Digital cameras including a manual focus mode are known in which a reflex mirror is provided to enable focus adjustment while checking a subject-image, and a method is utilized in which a split microprism screen is employed to display the phase difference visually. Utilization of a method in which contrast is checked visually is also known.
However, in digital cameras with the reflex mirror omitted that have become prevalent in recent years, since there is no reflex mirror, there is no method to check the subject-image while displaying the phase difference, and contrast detection methods have had to be relied on. However, in such cases, contrast cannot be displayed at a resolution greater than that of a display device, such as a Liquid Crystal Display (LCD), requiring adoption of methods such as enlarging a portion for display.
In recent years, therefore, a split-image is displayed within a live-view image (also referred to as a through image), so as to make the work of focusing on the subject-image easier for an operator when in manual focus mode. Split-image refers to a divided image in which, for example, a display region has been divided into plural sections (such as each image divided in the up-down direction), and in which displacement is imparted in the parallax generation direction (such as the left-right direction) according to focus misalignment, and is a divided image in which the displacement in the parallax generation direction disappears in an in-focus state.

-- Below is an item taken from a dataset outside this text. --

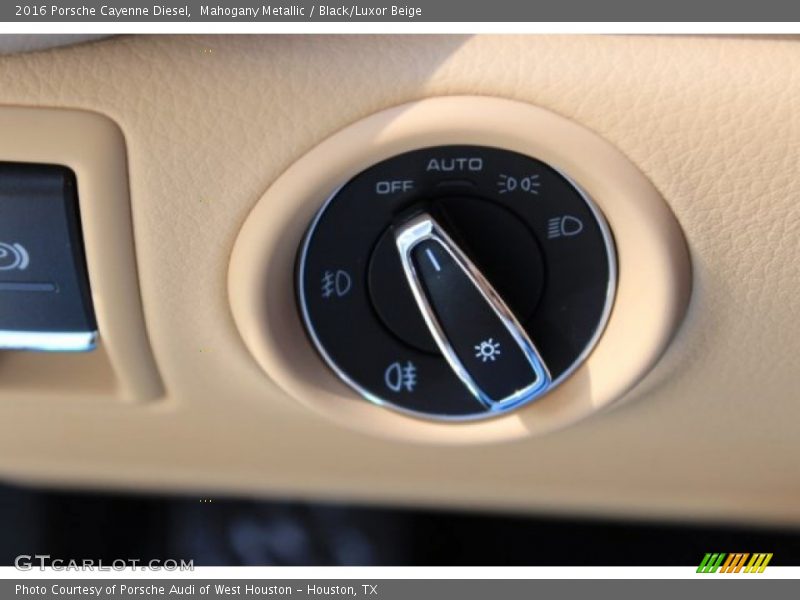Controls of 2016 Cayenne Diesel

The operator (such as a photographer) operates a manual focus ring (hereafter referred to as a “focus ring”) to match the focus so that displacement of the split-image (such as each image divided in the up-down direction) is removed.
In the imaging device described in JP-A No. 2009-147665 (referred to below as “Patent Document 1”), out of light rays from an imaging optical system, a first subject-image and a second subject-image formed by light rays divided by a pupil divider are photoelectrically converted to generate a first image and a second image, respectively. The first and the second images are employed to generate a split-image, and a third subject-image formed by the light rays not divided by the pupil divider is photoelectrically converted to generate a third image. The third image is displayed on a display and the generated split-image is displayed inside the third image, and color data extracted from the third image is applied to the split-image. By applying color data extracted from the third image to the split-image in this way, excellent visibility of the split-image can be achieved.
In the imaging device described in JP-A No. 2011-223562 (referred to below as Patent Document 2), light that has passed through different regions in the left-right direction of an imaging optical system is received, images from left and right viewpoints are acquired by photoelectrical conversion, and shooting correction is performed on the images from left and right viewpoints by applying different shooting correction amounts to the left and right viewpoint images.
In the imaging device described in JP-A No. 2012-75079 (referred to below as Patent Document 3), different shooting correction is applied to left and right viewpoint images that have been captured using a single imaging optical system so as to reduce the brightness difference between the left and right viewpoint images.
The imaging device described in WO 2012/036019 (referred to below as Patent Document 4) includes a two dimensional correction table for correcting shooting with a lens, and a one dimensional correction table for correcting shooting by monocular 3D.